CVE-2025-4287: PyTorch NCCL DoS Vulnerability

CVE-2025-4287 Overview

A denial of service vulnerability has been identified in PyTorch version 2.6.0+cu124. The vulnerability exists in the torch.cuda.nccl.reduce function within the torch/cuda/nccl.py file. An attacker with local access can manipulate inputs to this function to cause improper resource handling, resulting in a denial of service condition. The exploit has been publicly disclosed, and a patch has been made available.

Critical Impact
Local attackers can exploit improper input validation in the CUDA NCCL reduce function to cause denial of service, potentially disrupting GPU-accelerated machine learning workloads.

Affected Products

PyTorch 2.6.0+cu124

Discovery Timeline

2025-05-05 - CVE-2025-4287 published to NVD
2025-05-05 - Last updated in NVD database

Technical Details for CVE-2025-4287

Vulnerability Analysis

This vulnerability is classified under CWE-404 (Improper Resource Shutdown or Release). The torch.cuda.nccl.reduce function in PyTorch's CUDA NCCL implementation lacks proper input validation, allowing malicious inputs to trigger improper resource handling. When exploited, this causes denial of service by disrupting normal GPU operations in distributed computing scenarios.

The vulnerability affects the NVIDIA Collective Communications Library (NCCL) wrapper used for multi-GPU and multi-node deep learning operations. The NCCL reduce operation is commonly used in distributed training to aggregate gradients across multiple GPUs, making this a significant concern for organizations running distributed machine learning workloads.

Root Cause

The root cause is insufficient validation of operation types passed to the NCCL reduce function.
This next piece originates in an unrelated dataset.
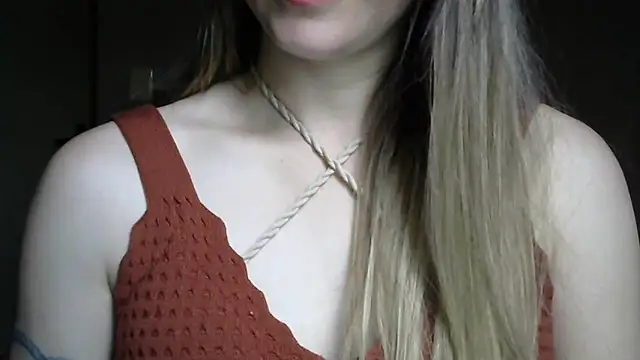 branca18hot online show from 10-04-25, 04:52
The original implementation did not properly verify that the operation parameter corresponds to valid NCCL reduction operations before processing, leading to improper resource handling when invalid operations are supplied.

Attack Vector

The attack requires local access to the system running PyTorch. An attacker can craft malicious inputs to the torch.cuda.nccl.reduce function to trigger the denial of service condition. Since PyTorch is commonly used in shared computing environments and machine learning pipelines, an attacker with access to submit jobs or scripts could potentially exploit this vulnerability to disrupt GPU compute resources.

python

# Security patch in torch/cuda/nccl.py - Add more check for torch.cuda.nccl
# Source: GitHub Commit

 from collections.abc import Sequence
 from typing import Optional, Union
 
-import torch.cuda
+import torch
 
 
 __all__ = ["all_reduce", "reduce", "broadcast", "all_gather", "reduce_scatter"]
 
-SUM = 0  # ncclRedOp_t
+
+# ncclRedOp_t
+SUM = 0  # ncclSum
+
+VALID_OPS = {SUM}
 
 
 def is_available(tensors):

Source: GitHub Commit Notice

Detection Methods for CVE-2025-4287

Indicators of Compromise

Unexpected crashes or hangs in PyTorch CUDA operations during distributed training
Abnormal GPU resource utilization patterns or resource exhaustion
Error logs indicating failures in NCCL reduce operations with invalid operation types
Unusual process behavior in Python scripts utilizing torch.cuda.nccl functions

Detection Strategies

Monitor system logs for repeated failures in PyTorch CUDA NCCL operations
Implement application-level logging around NCCL function calls to detect invalid inputs
Use runtime monitoring tools to track GPU resource utilization anomalies
Audit Python scripts and machine learning pipelines for suspicious calls to NCCL functions

Monitoring Recommendations

Enable verbose logging for PyTorch CUDA operations in production environments
Set up alerts for GPU process crashes or abnormal terminations
Monitor distributed training job health metrics for unexpected failures
Review access logs to identify unauthorized users executing GPU workloads

How to Mitigate CVE-2025-4287

Immediate Actions Required

Apply the security patch identified by commit 5827d2061dcb4acd05ac5f8e65d8693a481ba0f5
Review and restrict local access to systems running PyTorch with CUDA support
Audit machine learning pipelines for untrusted input handling in NCCL operations
Upgrade to a patched version of PyTorch when available from the official repository

Patch Information

A patch has been developed and is available via GitHub Pull Request. The fix introduces a VALID_OPS set that validates reduction operations before processing, preventing invalid operations from causing denial of service. The patch is identified by commit hash 5827d2061dcb4acd05ac5f8e65d8693a481ba0f5.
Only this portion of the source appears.